Henry Hub out at $2.80 and Brent crude parity around $11.60 in terms of 4Q.
Other than that I probably can't give you a lot of detail on LNG, but maybe we'll come back to you on any specifics on that outside of the call.
In terms of the US Upstream, it was loss-making for the quarter.
And of course, the rig cancellations, the Gulf of Mexico was loss-making for the quarter as well.
- Analyst
And is that a turn that's going to continue into the second quarter?
- CFO
I think that's a function of what the oil price will do.
And I don't like to sort of get into that particular discussion.
But you'll start to see across the piece the benefits of what we're doing in terms of restructuring the organization and the Company.

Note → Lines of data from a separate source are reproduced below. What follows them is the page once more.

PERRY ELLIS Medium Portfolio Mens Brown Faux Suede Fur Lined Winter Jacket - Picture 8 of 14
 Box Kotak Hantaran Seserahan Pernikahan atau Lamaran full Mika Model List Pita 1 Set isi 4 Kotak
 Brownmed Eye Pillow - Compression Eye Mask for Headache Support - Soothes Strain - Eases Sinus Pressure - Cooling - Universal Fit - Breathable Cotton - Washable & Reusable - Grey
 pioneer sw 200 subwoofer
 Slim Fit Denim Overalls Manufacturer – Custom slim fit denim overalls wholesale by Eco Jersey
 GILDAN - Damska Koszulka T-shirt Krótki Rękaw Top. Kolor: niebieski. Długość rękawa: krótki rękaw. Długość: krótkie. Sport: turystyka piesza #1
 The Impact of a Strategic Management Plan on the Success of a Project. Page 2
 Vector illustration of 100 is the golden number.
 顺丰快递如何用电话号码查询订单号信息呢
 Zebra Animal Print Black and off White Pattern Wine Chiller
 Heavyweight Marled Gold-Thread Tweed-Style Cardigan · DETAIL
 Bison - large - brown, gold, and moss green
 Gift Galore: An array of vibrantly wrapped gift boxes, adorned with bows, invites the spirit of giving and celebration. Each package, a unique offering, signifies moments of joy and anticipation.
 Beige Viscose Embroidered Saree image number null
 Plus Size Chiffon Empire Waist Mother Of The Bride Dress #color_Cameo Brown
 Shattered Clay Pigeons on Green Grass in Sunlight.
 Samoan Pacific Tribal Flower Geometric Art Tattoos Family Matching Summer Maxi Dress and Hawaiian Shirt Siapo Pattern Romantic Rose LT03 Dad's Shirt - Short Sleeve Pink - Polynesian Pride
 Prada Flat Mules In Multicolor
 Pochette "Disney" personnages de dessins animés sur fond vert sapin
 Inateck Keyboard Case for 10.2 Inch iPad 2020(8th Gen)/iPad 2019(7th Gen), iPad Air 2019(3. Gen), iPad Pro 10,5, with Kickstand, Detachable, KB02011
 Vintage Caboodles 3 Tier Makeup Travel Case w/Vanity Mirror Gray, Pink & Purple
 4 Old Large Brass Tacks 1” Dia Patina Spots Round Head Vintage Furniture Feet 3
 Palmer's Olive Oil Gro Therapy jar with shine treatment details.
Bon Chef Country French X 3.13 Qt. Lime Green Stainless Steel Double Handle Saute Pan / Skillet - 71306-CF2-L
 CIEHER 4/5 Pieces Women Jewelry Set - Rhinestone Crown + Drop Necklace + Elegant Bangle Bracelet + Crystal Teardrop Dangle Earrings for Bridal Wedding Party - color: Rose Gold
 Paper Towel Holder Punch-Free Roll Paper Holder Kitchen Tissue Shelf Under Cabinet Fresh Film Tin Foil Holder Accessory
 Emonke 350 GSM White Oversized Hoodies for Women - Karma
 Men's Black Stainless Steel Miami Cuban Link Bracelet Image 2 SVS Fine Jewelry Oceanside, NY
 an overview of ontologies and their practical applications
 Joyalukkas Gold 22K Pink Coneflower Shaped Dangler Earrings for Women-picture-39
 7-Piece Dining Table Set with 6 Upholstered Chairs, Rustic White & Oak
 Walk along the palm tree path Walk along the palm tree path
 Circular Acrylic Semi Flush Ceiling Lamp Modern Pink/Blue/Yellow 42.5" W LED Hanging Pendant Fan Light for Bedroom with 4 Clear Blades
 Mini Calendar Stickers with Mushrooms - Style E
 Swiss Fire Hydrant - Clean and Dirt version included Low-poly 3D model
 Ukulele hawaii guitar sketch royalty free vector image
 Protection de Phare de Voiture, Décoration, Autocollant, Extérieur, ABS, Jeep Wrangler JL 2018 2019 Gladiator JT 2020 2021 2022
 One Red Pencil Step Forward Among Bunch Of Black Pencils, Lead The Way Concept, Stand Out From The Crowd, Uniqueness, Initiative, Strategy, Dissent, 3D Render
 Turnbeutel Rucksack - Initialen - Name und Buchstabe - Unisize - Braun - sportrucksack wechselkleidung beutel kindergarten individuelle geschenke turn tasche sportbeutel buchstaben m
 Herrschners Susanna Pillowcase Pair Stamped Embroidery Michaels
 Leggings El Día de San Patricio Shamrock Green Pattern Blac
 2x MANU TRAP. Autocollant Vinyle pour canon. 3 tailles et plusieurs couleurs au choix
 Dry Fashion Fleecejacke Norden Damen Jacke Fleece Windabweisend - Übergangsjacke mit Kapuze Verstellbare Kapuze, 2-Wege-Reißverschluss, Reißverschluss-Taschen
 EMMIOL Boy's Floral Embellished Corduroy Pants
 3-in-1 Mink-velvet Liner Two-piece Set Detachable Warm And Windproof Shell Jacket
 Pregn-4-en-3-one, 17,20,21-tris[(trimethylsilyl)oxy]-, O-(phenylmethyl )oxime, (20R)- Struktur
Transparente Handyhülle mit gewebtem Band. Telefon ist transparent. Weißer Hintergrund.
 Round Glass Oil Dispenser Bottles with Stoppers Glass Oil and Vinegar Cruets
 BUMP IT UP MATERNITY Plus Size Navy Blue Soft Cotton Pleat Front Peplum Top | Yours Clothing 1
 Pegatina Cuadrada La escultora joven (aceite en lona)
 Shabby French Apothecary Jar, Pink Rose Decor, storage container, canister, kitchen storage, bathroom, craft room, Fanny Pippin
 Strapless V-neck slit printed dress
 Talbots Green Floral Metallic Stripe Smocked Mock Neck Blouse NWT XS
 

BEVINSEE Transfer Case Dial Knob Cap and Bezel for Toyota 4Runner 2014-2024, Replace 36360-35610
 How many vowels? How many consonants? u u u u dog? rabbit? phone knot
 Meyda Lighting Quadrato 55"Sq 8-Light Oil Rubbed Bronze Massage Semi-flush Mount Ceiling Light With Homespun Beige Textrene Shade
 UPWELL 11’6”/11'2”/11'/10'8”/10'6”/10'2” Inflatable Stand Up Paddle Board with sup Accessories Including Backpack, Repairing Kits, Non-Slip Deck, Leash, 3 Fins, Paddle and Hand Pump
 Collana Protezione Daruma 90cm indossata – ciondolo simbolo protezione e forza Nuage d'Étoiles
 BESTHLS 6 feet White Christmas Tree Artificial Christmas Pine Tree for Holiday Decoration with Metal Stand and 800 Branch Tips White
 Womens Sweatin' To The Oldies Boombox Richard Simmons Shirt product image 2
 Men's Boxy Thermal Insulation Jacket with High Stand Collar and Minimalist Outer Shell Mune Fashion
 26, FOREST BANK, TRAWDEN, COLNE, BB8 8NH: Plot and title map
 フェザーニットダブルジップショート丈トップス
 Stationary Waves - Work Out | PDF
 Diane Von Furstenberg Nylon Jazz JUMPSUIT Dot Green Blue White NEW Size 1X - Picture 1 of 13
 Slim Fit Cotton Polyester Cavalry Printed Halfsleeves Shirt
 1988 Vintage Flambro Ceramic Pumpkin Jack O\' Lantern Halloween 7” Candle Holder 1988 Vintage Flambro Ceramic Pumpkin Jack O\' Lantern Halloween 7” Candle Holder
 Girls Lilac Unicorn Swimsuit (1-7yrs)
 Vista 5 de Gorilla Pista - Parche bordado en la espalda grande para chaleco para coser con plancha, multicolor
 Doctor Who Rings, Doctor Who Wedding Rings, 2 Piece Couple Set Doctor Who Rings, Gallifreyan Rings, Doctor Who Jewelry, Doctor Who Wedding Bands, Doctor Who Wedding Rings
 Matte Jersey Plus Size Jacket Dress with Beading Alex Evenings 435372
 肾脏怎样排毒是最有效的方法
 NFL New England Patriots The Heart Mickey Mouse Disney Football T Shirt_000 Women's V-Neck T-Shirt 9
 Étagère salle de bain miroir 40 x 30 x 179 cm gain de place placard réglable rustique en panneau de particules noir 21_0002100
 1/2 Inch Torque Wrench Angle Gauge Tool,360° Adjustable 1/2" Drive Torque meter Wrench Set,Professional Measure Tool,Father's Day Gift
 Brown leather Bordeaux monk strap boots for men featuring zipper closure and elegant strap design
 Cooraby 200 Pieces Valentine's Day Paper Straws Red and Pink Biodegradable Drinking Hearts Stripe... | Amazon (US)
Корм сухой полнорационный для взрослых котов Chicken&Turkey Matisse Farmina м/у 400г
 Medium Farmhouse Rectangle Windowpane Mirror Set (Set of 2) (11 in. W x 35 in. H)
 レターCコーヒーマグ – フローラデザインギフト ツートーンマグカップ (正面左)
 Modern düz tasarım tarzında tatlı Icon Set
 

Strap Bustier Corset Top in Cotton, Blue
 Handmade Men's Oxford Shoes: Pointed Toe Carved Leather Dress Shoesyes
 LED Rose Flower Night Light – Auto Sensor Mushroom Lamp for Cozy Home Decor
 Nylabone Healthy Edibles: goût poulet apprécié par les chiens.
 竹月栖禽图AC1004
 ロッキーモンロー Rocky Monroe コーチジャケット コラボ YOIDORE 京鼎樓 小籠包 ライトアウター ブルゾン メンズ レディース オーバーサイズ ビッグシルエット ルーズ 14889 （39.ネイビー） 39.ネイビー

But we'll measure this quarter by quarter.
- Analyst
Okay thanks.
- Head of IR
Over to the US now, and Blake Fernandez of Howard Weil.
- Analyst
Yes, Jess.
Thanks.
Good afternoon, folks.
The production was fairly robust in the quarter, well above what we would have expected.
And I was hoping you could maybe frame up the impact from production sharing contracts in the quarter?
- CFO
Yes.
Thanks, Blake.
I don't have the specific on the PSCs to hand -- PSA's to hand, we'll come back to that.
But I think what you're seeing in the production numbers is a good uptick in reliability, particularly out of the North Sea.
We've seen strong reliability across the piece.
But if I look just at the North Sea that we've talked about previously about getting reliability back, it was running at about 6% higher than 2014 in the first quarter.
And that's certainly a big part of seeing that production growth that we've got -- seeing come through in the first quarter.
PSA impacts will come back to you on.
- Analyst
Okay.
Thanks, Brian.
The second question for you, divestitures.
Just looking at the sources and uses slide in the quarter and then Gearing moving up a bit.
It just seems like it's likely that you're going to have to re-up the divestiture program.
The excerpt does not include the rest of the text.